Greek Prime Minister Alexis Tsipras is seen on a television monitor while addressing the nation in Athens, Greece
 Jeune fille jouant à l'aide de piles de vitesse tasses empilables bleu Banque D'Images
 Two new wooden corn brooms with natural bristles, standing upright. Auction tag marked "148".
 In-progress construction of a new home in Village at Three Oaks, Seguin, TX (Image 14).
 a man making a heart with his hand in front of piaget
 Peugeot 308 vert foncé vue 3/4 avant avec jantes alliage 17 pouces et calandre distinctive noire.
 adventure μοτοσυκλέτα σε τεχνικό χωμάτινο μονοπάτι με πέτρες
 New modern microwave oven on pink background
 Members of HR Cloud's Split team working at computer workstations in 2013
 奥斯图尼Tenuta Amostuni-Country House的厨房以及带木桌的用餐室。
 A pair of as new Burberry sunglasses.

— Requirement —
Beginning with the line that contains "Members of HR" and ending with the last line of the data above, return those lines exactly and nothing else.

— Result for this exercise —
 Members of HR Cloud's Split team working at computer workstations in 2013
 奥斯图尼Tenuta Amostuni-Country House的厨房以及带木桌的用餐室。
 A pair of as new Burberry sunglasses.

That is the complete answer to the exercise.